WHAT YOU ARE ASKED TO DO:
Extract precisely the lines that run from the line containing "IGA Purina felix wet cat food offer" to the end of the records below, with both ends included and pictures omitted.

+++

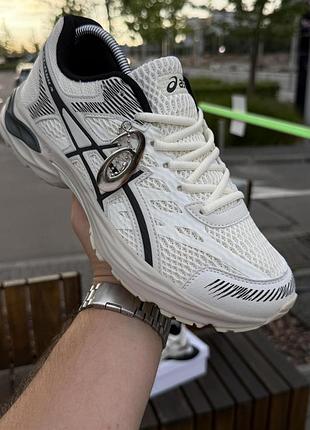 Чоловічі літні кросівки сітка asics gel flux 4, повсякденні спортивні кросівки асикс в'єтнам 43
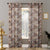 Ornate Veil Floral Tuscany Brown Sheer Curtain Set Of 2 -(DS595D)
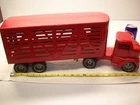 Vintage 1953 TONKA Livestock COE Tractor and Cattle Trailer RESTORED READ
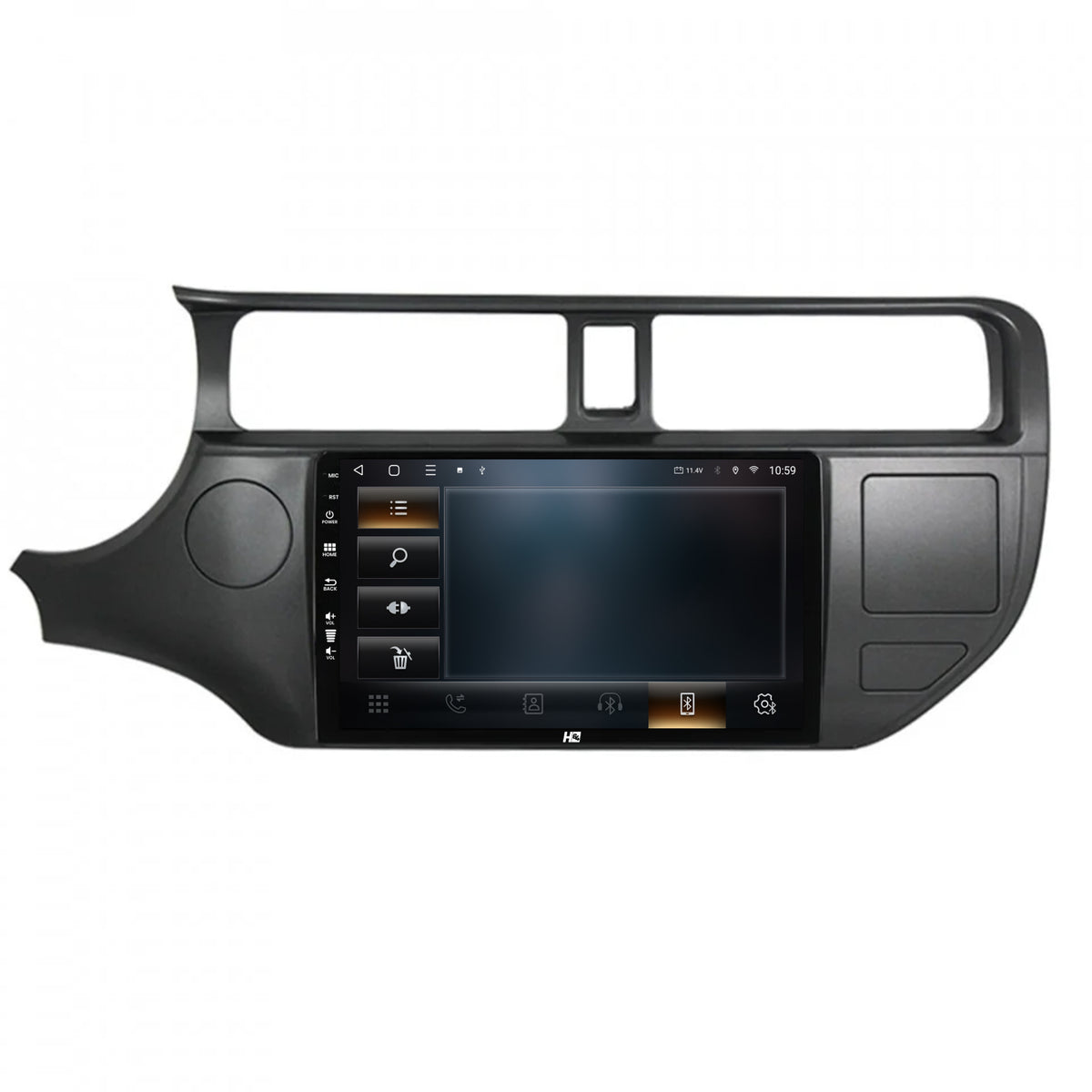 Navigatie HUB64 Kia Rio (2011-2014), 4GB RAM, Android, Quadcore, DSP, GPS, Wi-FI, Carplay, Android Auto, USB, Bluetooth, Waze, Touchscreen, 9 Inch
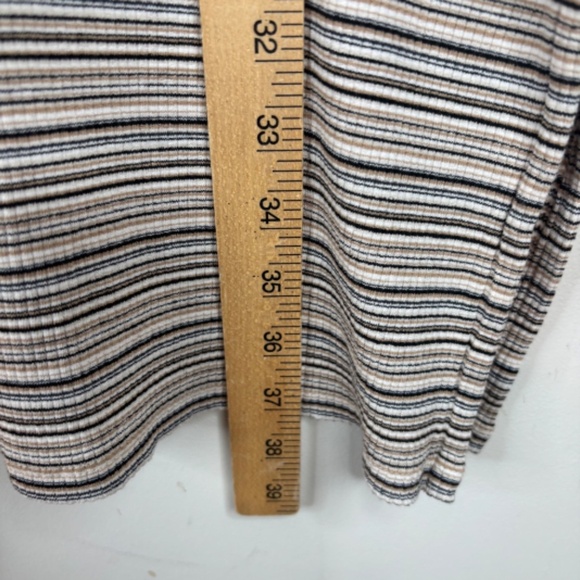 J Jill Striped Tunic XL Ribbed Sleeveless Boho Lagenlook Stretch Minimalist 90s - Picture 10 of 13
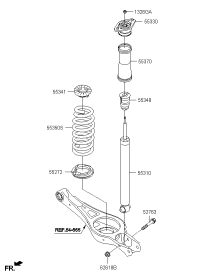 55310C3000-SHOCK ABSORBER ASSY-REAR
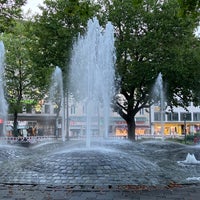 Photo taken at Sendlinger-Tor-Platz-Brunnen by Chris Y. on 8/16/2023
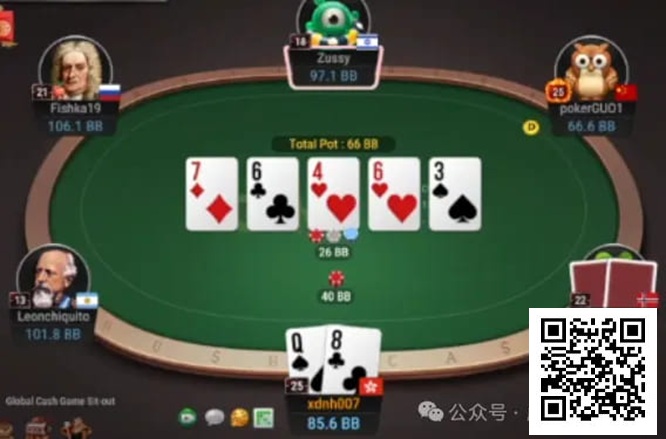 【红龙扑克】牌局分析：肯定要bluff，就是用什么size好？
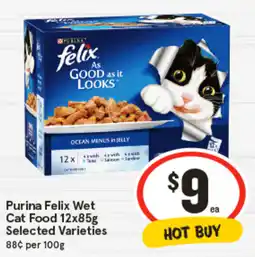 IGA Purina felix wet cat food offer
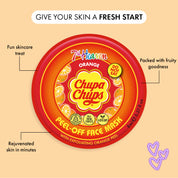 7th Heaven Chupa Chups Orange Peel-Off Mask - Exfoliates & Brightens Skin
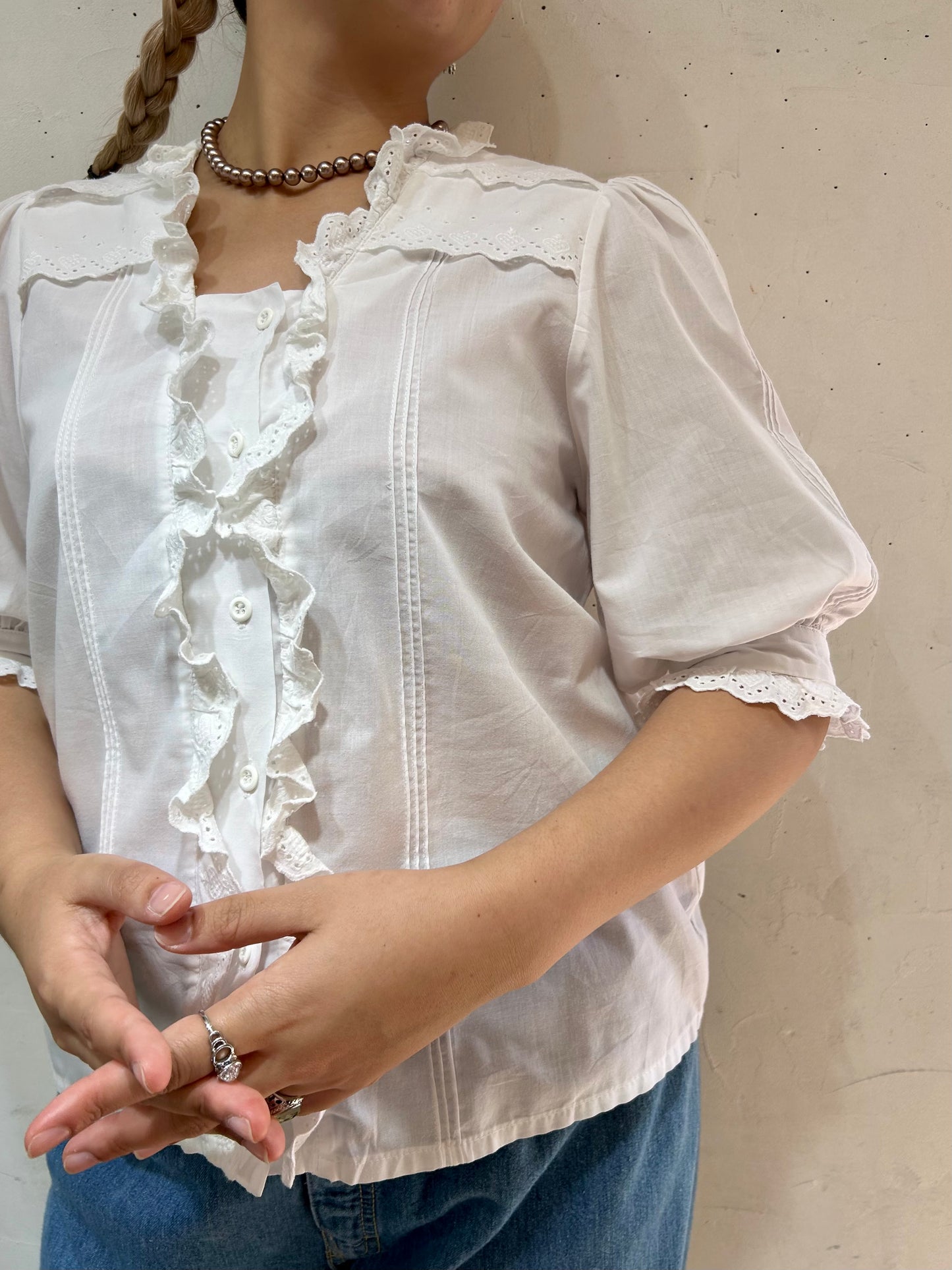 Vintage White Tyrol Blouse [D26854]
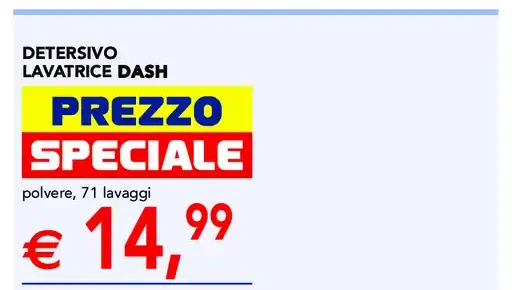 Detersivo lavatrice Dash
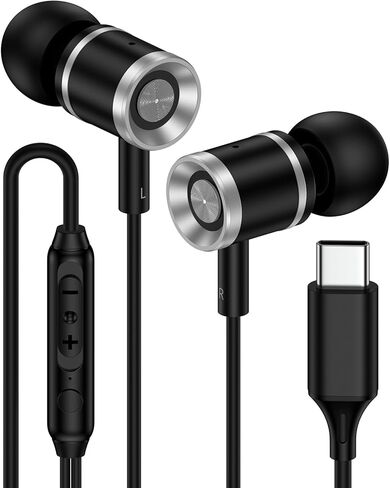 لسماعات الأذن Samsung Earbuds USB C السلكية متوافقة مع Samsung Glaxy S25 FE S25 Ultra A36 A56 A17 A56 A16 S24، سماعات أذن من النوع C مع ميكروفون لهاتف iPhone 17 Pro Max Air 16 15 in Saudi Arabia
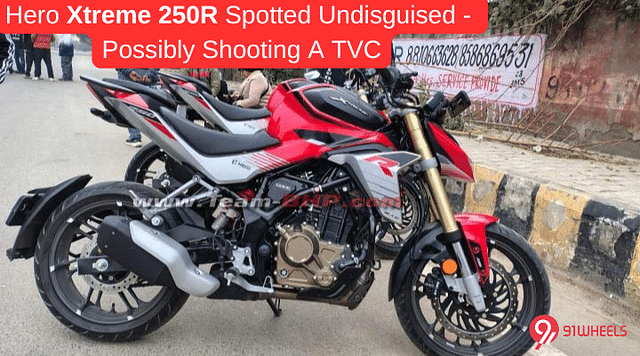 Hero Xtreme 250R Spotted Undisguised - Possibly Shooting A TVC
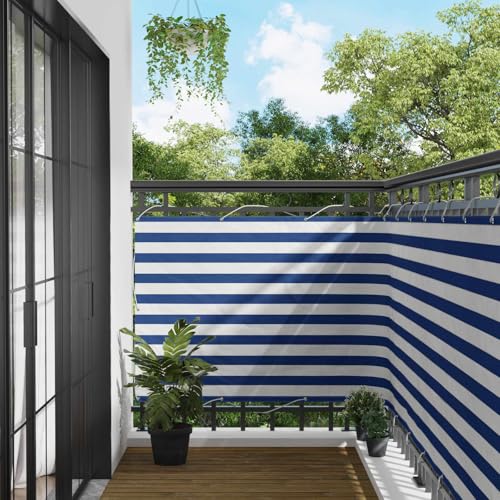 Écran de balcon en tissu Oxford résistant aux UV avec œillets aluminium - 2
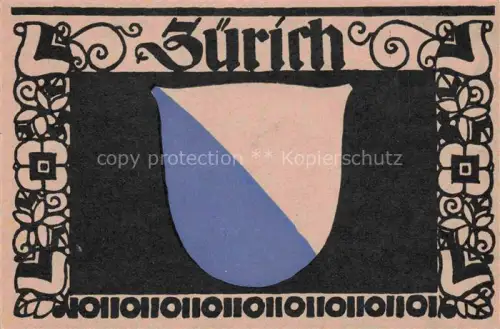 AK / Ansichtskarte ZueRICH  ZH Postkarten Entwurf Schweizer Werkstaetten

+++

OUTPUT OF THE TASK:
 IGA Purina felix wet cat food offer
 7th Heaven Chupa Chups Orange Peel-Off Mask - Exfoliates & Brightens Skin
 Vintage White Tyrol Blouse [D26854]
 Detersivo lavatrice Dash
 لسماعات الأذن Samsung Earbuds USB C السلكية متوافقة مع Samsung Glaxy S25 FE S25 Ultra A36 A56 A17 A56 A16 S24، سماعات أذن من النوع C مع ميكروفون لهاتف iPhone 17 Pro Max Air 16 15 in Saudi Arabia
 Hero Xtreme 250R Spotted Undisguised - Possibly Shooting A TVC
 Écran de balcon en tissu Oxford résistant aux UV avec œillets aluminium - 2
 AK / Ansichtskarte ZueRICH  ZH Postkarten Entwurf Schweizer Werkstaetten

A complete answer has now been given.